A recent court decision reported that an S corporation shareholder’s salary should be a reasonable compensation. Despite the fact that there is no statute, rule or regulations requiring minimum compensation to be paid, the compensation should be reasonable. To the court, however, the issue was not whether some minimum compensation must be paid, but whether the compensation paid was reasonable. Reasonable compensation analyses apply not only when the issue is whether a salary may be deducted as an ordinary and necessary business expense, but also when the issue is whether payments are wages subject to FICA tax.
One of the continuing advantages of the S corporation format over taxation of partners and LLCs is the ability to treat a portion of payments from an S corporation as return on investment not subject to employment taxes.
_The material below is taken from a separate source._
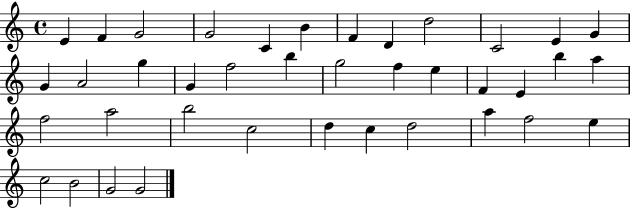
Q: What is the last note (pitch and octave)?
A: G4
Many S corporations are fairly aggressive in the amount of S corporation earnings that are treated as shareholder distributions, rather than employee compensation. There are enough S corporations that assert that none of the S corporation distribution is compensation that most of the court cases are devoted to the opposite, and the Internal Revenue Service always wins.
S corporations continue to be a very popular form for doing business as compared to partnerships and LLCs, despite the statutory restrictions on set-up and operation, because of the ability to segregate compensation and dividends.
S corporations need to approach compensation in a reasonable manner. Shareholders compensation is the No 1 audit issue that S corporations encounter. Taxpayers can avoid this issue by establishing and maintaining a reasonable compensation strategy that can be explained to IRS. The compensation should be reasonable in relation to profits and efforts.